11. Turning to some of the precedents to which our attention was invited, it would be advantageous to refer to the earliest decision of the Bombay High Court which had the opportunity to deal with the scheme of law under discussion in Trimbak Sopana Girme v. Gangaram Mhatarbe Yadav [AIR 1953 Bom. 241]. In that case plaintiff filed a suit against the defendant for actual possession on the allegation that the defendant was a trespasser and the defendant contested the suit contending that he was a protected tenant within the meaning of the Tenancy Act. The trial Court came to the conclusion that an issue would arise whether the defendant was a protected tenant and such an issue was triable by the Mamlatdar under Section 70(b) of the Tenancy Act, and the trial Court had no jurisdiction to try the issue.
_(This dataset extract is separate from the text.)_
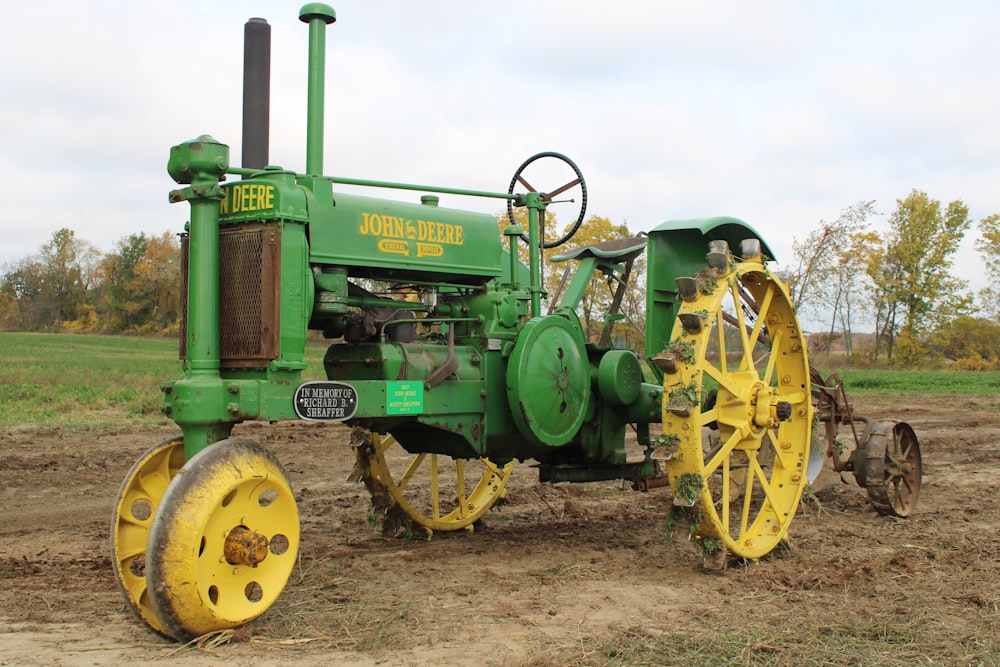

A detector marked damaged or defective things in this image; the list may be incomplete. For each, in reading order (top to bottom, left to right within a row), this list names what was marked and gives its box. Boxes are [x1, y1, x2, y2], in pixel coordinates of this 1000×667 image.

rusty radiator screen [179, 226, 280, 370]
Accordingly the trial Court ordered the plaintiff to present the suit to the proper court. It may be noticed that at the relevant time S. 85-A was not introduced in the Tenancy Act. In an appeal by the plaintiff the appellate court reversed the finding that a suit on title for possession alleging that the defendant was a trespasser was a properly constituted civil suit and if in such a suit defendant raises a contention that he is a protected tenant it would be a subsidiary issue and would not oust the jurisdiction of the Court because if the Civil Court proceeding with the suit comes to the conclusion that the defendant is a trespasser it would be fully competent to dispose of the suit. The defendant carried the matter to the High Court and Chagla, C.J., analysing the scheme of Ss. 70 and 85 of the Tenancy Act, held that in order to avoid the conflict of jurisdiction and looking to the scheme of the sections, the legislature has left to the Mamlatdar to decide the issue whether the defendant is a protected tenant or not and it implies that he must decide that the defendant is not a trespasser in order to hold that he is a tenant or protected tenant and that he must also hold that he is a trespasser in order to determine that he is not a tenant or a protected tenant, and even while strictly construing the provisions of a statute ousting the jurisdiction of the Civil Court, the conclusion is inescapable that all questions with regard to the status of a party, when the party claims the status of a protected tenant, are left to be determined by the Revenue Court and the jurisdiction of the Civil Court is ousted.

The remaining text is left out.